77 ‘This world of words hath but two hundred and fifty prime radices, upon which all the rest are branched: for better understanding whereof, with all its dependant boughs, sprigs and ramelets, I have before my lexicon set down the division thereof (making use of another allegory) into so many cities, which are subdivided into streets, they again into lanes, those into houses, these into stories, whereof each room standeth for a word; and all these so methodically, that who observeth my precepts therein shall at the first hearing of a word know to what city it belongeth, and consequently not to be ignorant of some general signification thereof, till after a most exact prying into all its letters, finding the street, lane, house, story and room thereby denotated, he punctually hit upon the very proper thing it represents in its most specifical signification’. [73]
78 ‘Such as will harken to my instructions, if some strange word be proposed to them, whereof there are many thousands of millions deviseable by the wit of man which never hitherto by any breathing have been uttered, shall be able, although he know not the ultimate signification thereof, to declare what part of speech it is; or if a noun, unto what predicament or class it is to be reduced; whether it be the sign of a real or notional thing, or somewhat concerning mechanic trades in their tools, or terms; or if real whether natural or artificial, complete, or incomplete; for words here do suppone for the things which they signify … ’[72]
79 Features like the ending and stem vowel show the tense (present, imperfect, … – 7 possibilities in all), voice (active, middle, or passive), mood (indicative, imperative, subjunctive, or optative), person (first, second, or third), and number (singular, dual, or plural), thus up to 7 × 3 × 4 × 3 × 3 = 756 possibilities, plus another 120 forms as a participle (verbal adjective) allowed 2 numbers, 3 genders, 4 cases, and 5 tenses (C. A. E. Luschnig, An Introduction to Ancient Greek: A Literary Approach, 2nd ed. (Indianapolis, 2007): verb forms explained 17–18 and tabulated 298–300; participles 135–39 and 288–89).

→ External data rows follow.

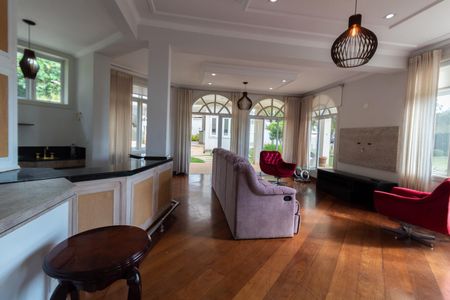 Casa de condomínio à venda com 750m², 4 quartos e 4 vagas Casa de condomínio à venda com 750m², 4 quartos e 4 vagasSALA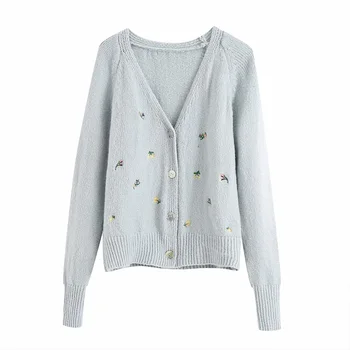 

Women's V-neck knitted jacket 2020 contrast color embroidery printed single-breasted cardigan sweater ladies long sleeves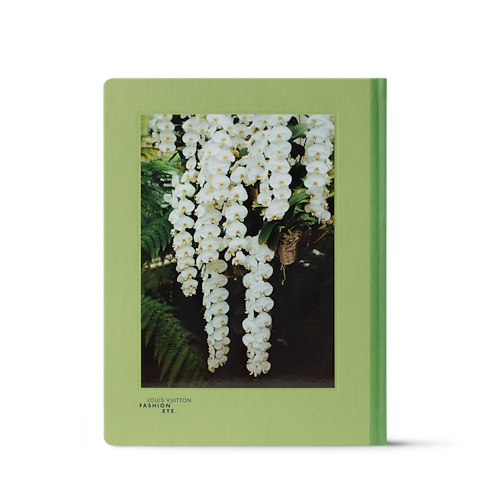 Fashion Eye Singapore Bauli, Viaggio e Casa Libri Fashion Eye | LOUIS VUITTON (Zoom prodotto)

The Commission on Enzymes of the International Union of Biochemistry similarly classified the thousands of enzymes catalyzing biochemical reactions by a four-number code giving the major class (oxidoreductase, transferase, hydrolase, etc.), sub- and sub-sub-classes, and finally the individual enzyme. Enzyme 1.11.1.6, for instance, is catalase, which decomposes hydrogen peroxide (Marcel Florkin and Elmer H. Stotz, eds., Enzyme Nomenclature, Comprehensive Biochemistry, 2nd ed., vol. 13 (Amsterdam, 1965)).
80 Urquhart seems to have anticipated, and forgiven, this outcome, saying in ‘The Finall Conclusion’ to The Trissotetras:
But as for such, who, either understanding it not, or vain-gloriously being accustomed to Criticise on the Works of others, will presume to carp therein at what they cannot amend, I pray God to illuminate their Judgments, and rectifie their Wils,* that they may know more, and censure lesse: for so by forbearing detraction, the venom whereof must needs reflect upon themselves, they will come to approve better of the endeavours of those, that wish them no harme.